There are many different kinds of TA, and for every kind of TA there are a multitude of ways to interpret the price chart. The best single book I've ever found that discusses traditional price chart patterns and gives concise and understandable explanations of them is Technical Analysis of the Financial Markets by John J. Murphy. You should own this book as a reference, but keep in mind that there is a difference between describing a chart pattern and interpreting why it has formed or what will happen next. Just because John Murphy says it’s true does not mean that it really is true. This is not the only book that describes traditional chart patterns; there are dozens of similar books.

To many people, TA is nothing more than voodoo. Many people believe TA “works” (when it works) simply because it is followed by traders, the traders have to make sense of the market, and the mere application of TA among a group of people that are doing the same thing forms the basis for its occasional workability. In other words, those that do not believe TA works assert that it is a meaningless activity; that TA aficionados make TA into a self-fulfilling prophecy simply by applying it.

Someone who does not believe TA has any relevance will tell you that he can show a chart to ten different TA analysts and each will give him a different interpretation of that same chart. This is very close to the truth. If a very successful method of interpreting charts were public knowledge, the game of interpreting charts would be over! There is also a theory that the markets have no trends, and there is no way to understand what is happening in the stock market. This is called the “Random Walk” theory. It is nonsense, but good, because some people believe it, and we want their money.

You should understand three basic things about TA for it to be of any use to you. First, it does exist, it is a very wide field of study, and some forms of TA are quite valid. Secondly, if the majority of the people that make investment decisions using TA are doing the same thing and following the same chart or the same signals, the market will certainly go a different way. It has to, to even things out, just by the nature of supply and demand! Thirdly, it is very easy to let the study of TA consume you. It is easy for some people to get so caught up in analysis of a chart that they lose their grip on reality. Simply stated, there are quite a few nutbar TA people.

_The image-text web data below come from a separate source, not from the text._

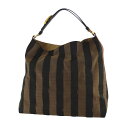 フェンディ FENDI ぺカン柄 セミショルダーバッグ 8BR653 ワンショルダー レディース 【中古】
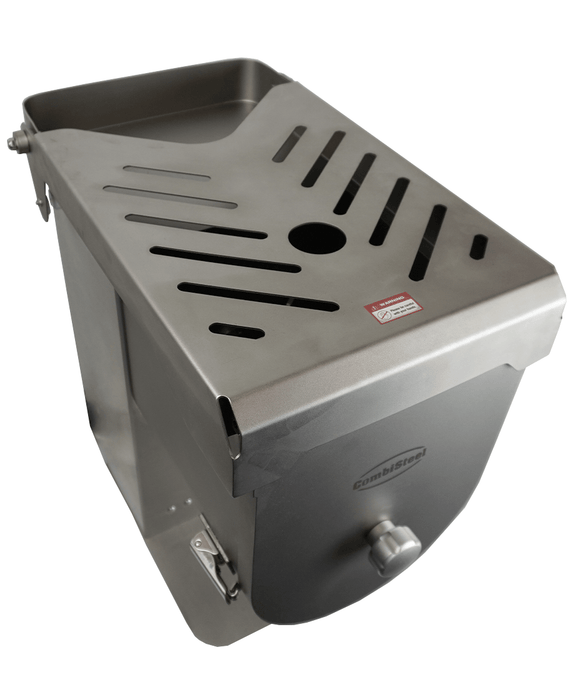 Combisteel 20kg stainless steel tabletop meat mixer view 4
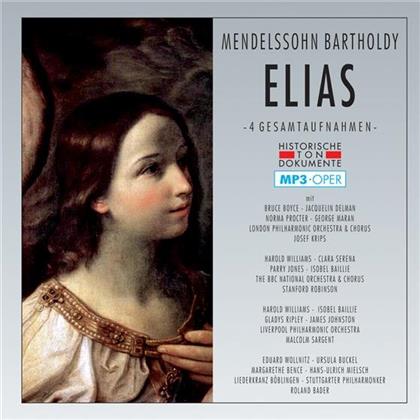 Felix Mendelssohn-Bartholdy (1809-1847) - Elias Mp3 (2 CDs)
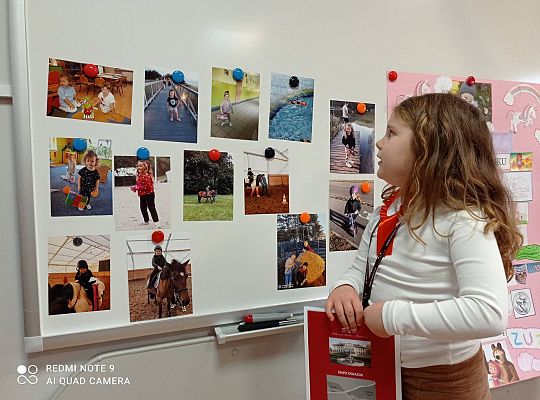 GR IV "Tacy jesteśmy"- innowacja pedagogiczna - Zuzia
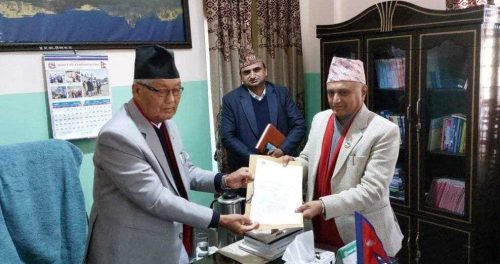 खगराज अधिकारीः स्ववियु सभापतिदेखी मुख्यमन्त्रीसम्म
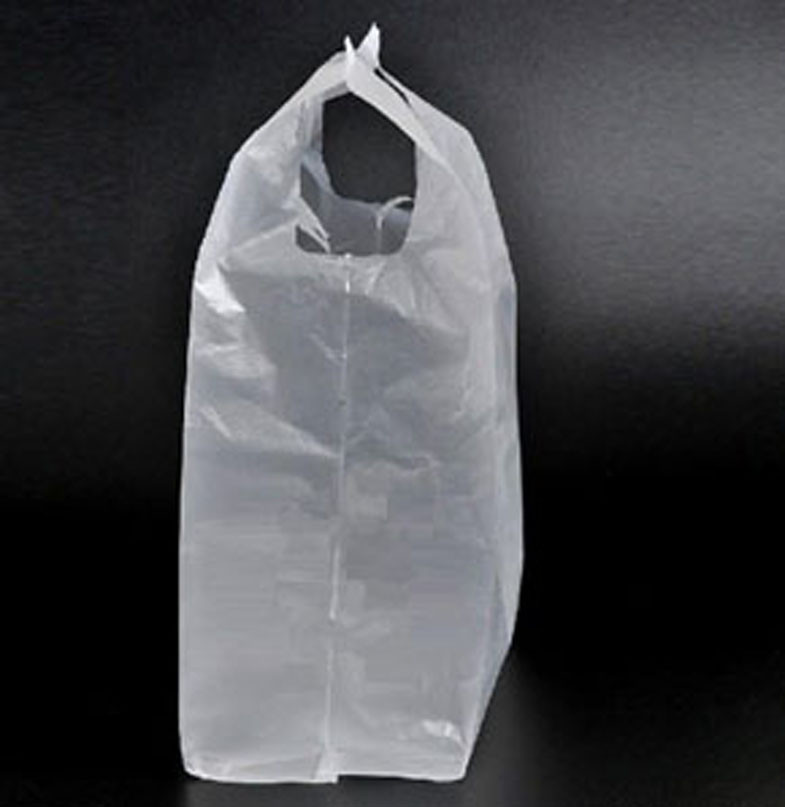 Ημι σαφείς πλαστικές τσάντες υπεραγορών PO υλικές για τα προϊόντα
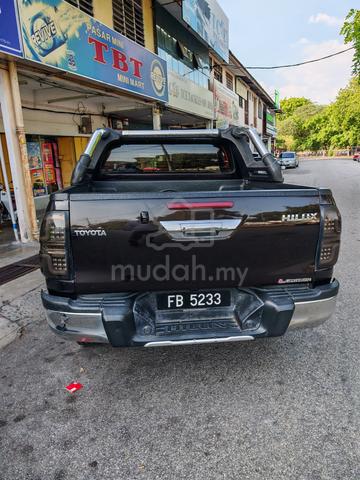 2018 Toyota HILUX 2.4 G LE (A) - 4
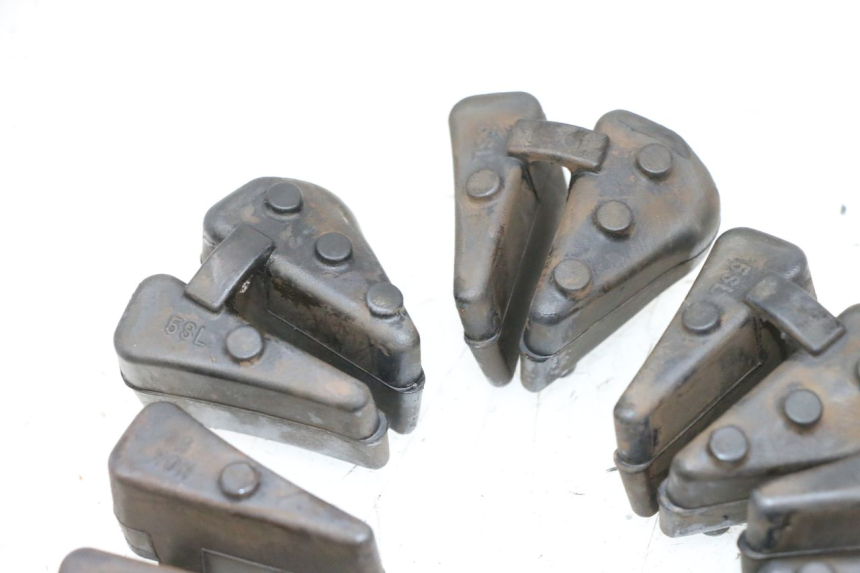 photo de SPROCKET SILENTBLOCK YAMAHA MT-07 MT07 ABS 700 (2018 - 2020) - Technical close-up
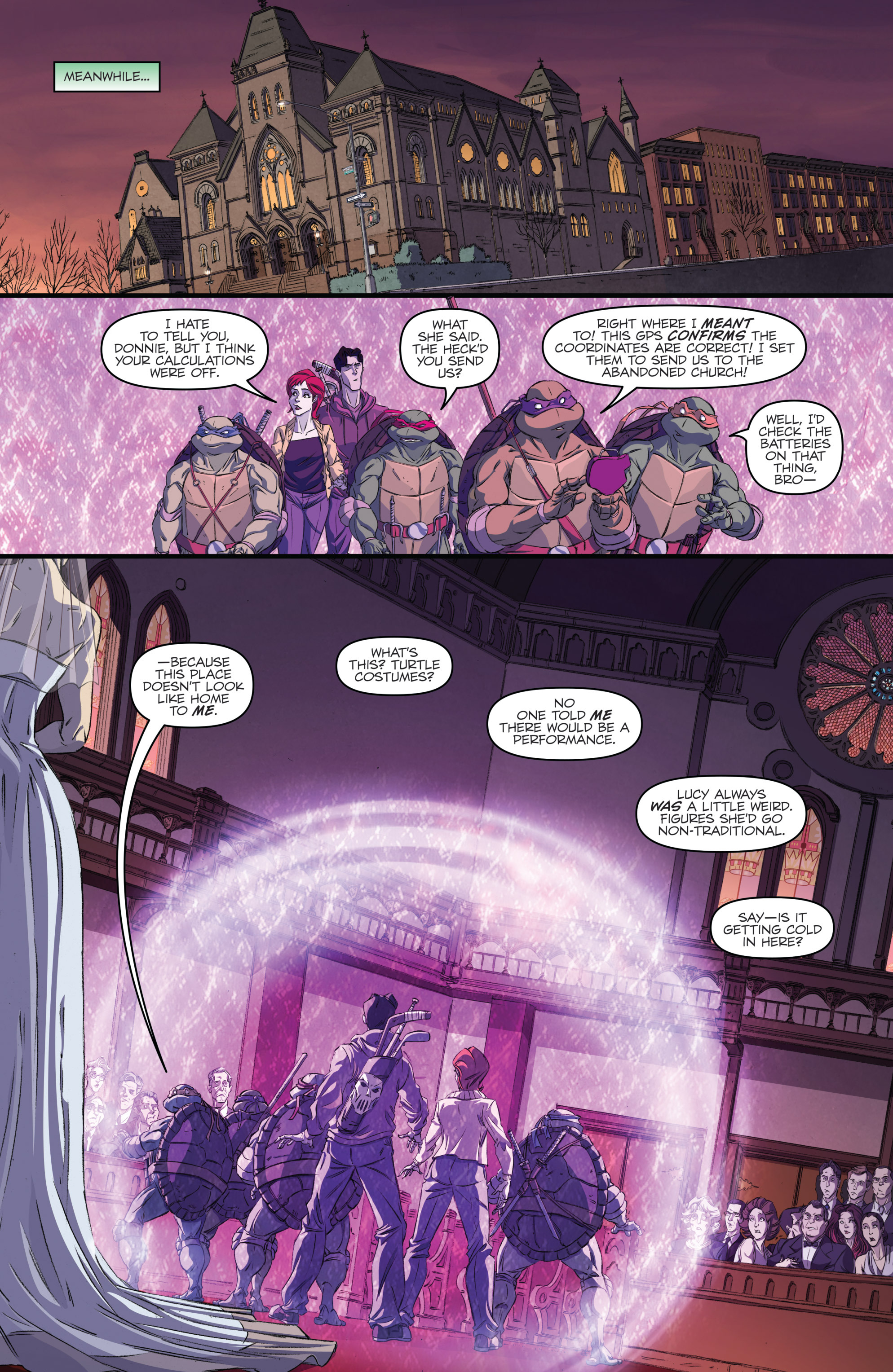 Read online Teenage Mutant Ninja Turtles/Ghostbusters comic -  Issue #1 - 18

The one thing about Technical Analysis that is agreed upon by almost all technical analysts is that "nobody understands why" the chart patterns form. It is evident that almost all technical analysts don't care why chart patterns form. The simple fact that patterns form is all that is necessary for the technical analyst. Trying to understand why chart patterns form appears to be antithetical to the traditional concepts of technical analysis - that is, why chart patterns form is Fundamental Analysis!

Also, interpretation of charts almost always involves math, many times rather complex math. You could ask 100 chart readers what Welles Wilder's Relative Strength Index is, and many of them could tell you it's a wavy line that they call "RSI". Some could tell you it's a "filter" - something that weeds out things you want to look at more closely. Few could tell you what RSI measures, or how it is calculated. Very few indeed could show you a workable signal using RSI that Welles Wilder didn't think of before he wrote his book.

Thankfully, it is not necessary to understand the math involved with a filter like RSI in order to figure out if it it helpful or not - but if you follow someone else's explanation of it, it would be wise to ensure that they understand it, otherwise you are listening to the advice of someone who does not understand what they are talking about.